On Fri, Dec 2, 2022 at 11:51 AM René Scharfe <l.s.r@web.de> wrote:
> Use tee(1) to replace two calls of cat(1) for writing files with
> different line endings.  That's shorter and spawns less processes.
> [...]
> Signed-off-by: René Scharfe <l.s.r@web.de>
> ---
> diff --git a/t/t3920-crlf-messages.sh b/t/t3920-crlf-messages.sh
> @@ -9,8 +9,7 @@ LIB_CRLF_BRANCHES=""
>  create_crlf_ref () {
> -       cat >.crlf-orig-$branch.txt &&
> -       cat .crlf-orig-$branch.txt | append_cr >.crlf-message-$branch.txt &&
> +       tee .crlf-orig-$branch.txt | append_cr >.crlf-message-$branch.txt &&

This feels slightly magical and more difficult to reason about than
using simple redirection to eliminate the second `cat`. Wouldn't this
work just as well?

    cat >.crlf-orig-$branch.txt &&
    append_cr <.crlf-orig-$branch.txt >.crlf-message-$branch.txt &&

(Plus, this avoids introducing `tee` into the test suite, more or
less. The few existing instances are all from the same test author and
don't seem particularly legitimate -- they appear to be aids the
author used while developing the test to be able to watch its output
as it ran.)

^ permalink raw reply	[flat|nested] 25+ messages in thread

* Re: [PATCH 2/1] t3920: support CR-eating grep
  2022-12-02 23:14   ` Philippe Blain
@ 2022-12-03  7:09     ` René Scharfe
  0 siblings, 0 replies; 25+ messages in thread
From: René Scharfe @ 2022-12-03  7:09 UTC (permalink / raw)
  To: Philippe Blain, Johannes Sixt; +Cc: Git Mailing List, Junio C Hamano

Am 03.12.22 um 00:14 schrieb Philippe Blain:
> Hi René,
>
> Le 2022-12-02 à 11:51, René Scharfe a écrit :
>> grep(1) converts CRLF line endings to CR on current MinGW:
>>
>>    $ uname -sr
>>    MINGW64_NT-10.0-22621 3.3.6-341.x86_64
>
> I don't really know the conventions in this regards, but for me
> "MinGW" refers to the port of GCC to Windows. Here it would be more
> correct to refer to "the Git for Windows flavor of MSYS2" or something
> like this, in my (maybe uninformed) opinion.
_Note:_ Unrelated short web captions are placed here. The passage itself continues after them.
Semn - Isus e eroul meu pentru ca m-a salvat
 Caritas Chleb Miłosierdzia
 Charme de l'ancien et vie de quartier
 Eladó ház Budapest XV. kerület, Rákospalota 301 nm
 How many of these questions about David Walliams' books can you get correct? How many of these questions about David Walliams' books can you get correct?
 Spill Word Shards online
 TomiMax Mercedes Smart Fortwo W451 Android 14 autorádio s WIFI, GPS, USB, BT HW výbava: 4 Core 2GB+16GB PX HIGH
The thing I downloaded and installed is the "Git for Windows SDK", so I
could use that name instead.

>
>>
>>    $ printf 'a\r\n' | hexdump.exe -C
>>    00000000  61 0d 0a                                          |a..|
>>    00000003
>>
>>    $ printf 'a\r\n' | grep . | hexdump.exe -C
>>    00000000  61 0a                                             |a.|
>>    00000002
>>
>> Create the intended test file by grepping the original file with LF
>> line endings and adding CRs explicitly.
>>
>> The missing CRs went unnoticed because test_cmp on MinGW ignores line
>> endings since 4d715ac05c (Windows: a test_cmp that is agnostic to random
>> LF <> CRLF conversions, 2013-10-26).
>
> Reading that commit's messages, if I understand correctly it's more MSYS2's Bash
> that is the culprit, rather than its grep, no?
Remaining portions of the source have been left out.